Lena Dunham’s previous film, Sharp Stick, seems to be her most critically divisive movie to date, but I personally adored the quirky charms and off-kilter humor. Now, Dunham’s second directorial effort of 2022 has arrived in the form of light coming-of-age dramedy, Catherine Called Birdy, an adaptation of the novel by Karen Cushman. The PG-13 outing is tonally a far cry from the majority of Dunham’s other works. It definitely has its fair share of cutesy charms, but an uneven focus and a reliance on the film’s narration to do all the heavy lifting result in Catherine Called Birdy being something of a mixed bag.

It is the year 1290 in the quaint village of Stonebridge in England, and Lady Catherine (Bella Ramsey, Game of Thrones, The Last of Us)—aka Birdy—has begun crafting a sort of diary book of her life to forgo her dreaded spinning lessons. With a passion for “avoiding chores” and “causing mischief,” Birdy isn’t exactly the ideal young Lady. Her family on the precipice of certain bankruptcy, Birdy’s cold father, Lord Rollo (Andrew Scott, 1917, Spectre), realizes in horror that he must find Birdy a proper suitor with deep pockets to rid the family of their mountainous debt. Of course, marrying Birdy off will prove to be anything but easy…

Birdy herself is extremely resistant to marriage. Her best friend and local goat boy, Perkin (Michael Woolfitt), is the closest thing Birdy has to a proper male companion. As more and more suitors flock to Stonebridge for Birdy’s hand, the drunken hijinks, silly pranks, and fart jokes arrive in all their glory. Birdy’s ever-present narration began to bother me at a certain point, mainly because it allows for a form of laziness by telling yet not showing. Some of what Birdy says is insightful certainly, and it always keeps us in her headspace. Nevertheless, it becomes tiresome as Catherine Called Birdy progresses deeper into the film. 
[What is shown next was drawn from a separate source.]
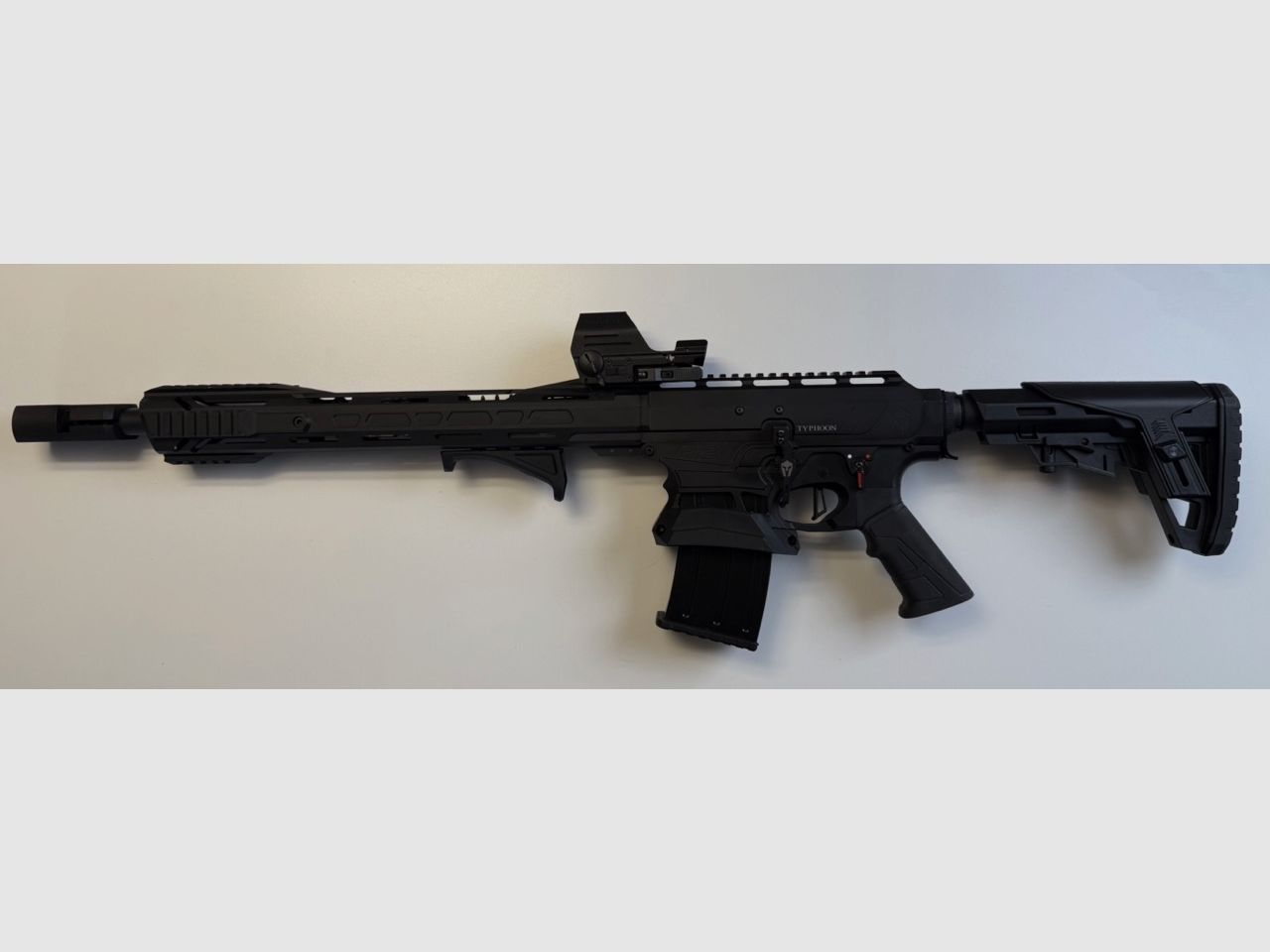 Typhoon F12 - Classic Black Serie IV - IPSC Paket III, Selbstladeflinte mit Kastenmagazin, mit umfangreichem Zubehör - NEUWERTIG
A humming-style score that recalls Glee music often bolsters up the mood, despite what is happening onscreen not always fully matching up with it. More effective are makeshift “info cards” on each character we see, popping up on screen at their introductions and allowing a window into Birdy’s views on each person. Some of them move by too quickly to the point that I had to pause or go back to them, but seeing them recur was delightful. A few of the side characters, like Birdy’s “so handsome” Uncle George (Joe Alwyn, Boy Erased, The Favourite) or the “abominable” young Robert (Dean-Charles Chapman, Game of Thrones, 1917), I wish we had seen more from. Birdy’s mother, Lady Aislinn (Billie Piper, Doctor Who, Penny Dreadful), is also barely utilized. 

Eventually, Catherine Called Birdy comes to a properly predictable and modern-style close, urging viewers to continue fighting “no matter who may come on horseback.” While I appreciated the message, even the conclusion felt half-baked and underwhelming to me. While there is plenty here to delight and captivate younger viewers, I didn’t walk away from the film having any major takeaways or memorable moments. In the end, Catherine Called Birdy is cute enough, and I would love to see more from Lena Dunham regardless. 

Catherine Called Birdy laments living in a man’s world when it heads to select theaters on Friday, September 23rd, before it debuts to Prime Video subscribers on Friday, October 7th.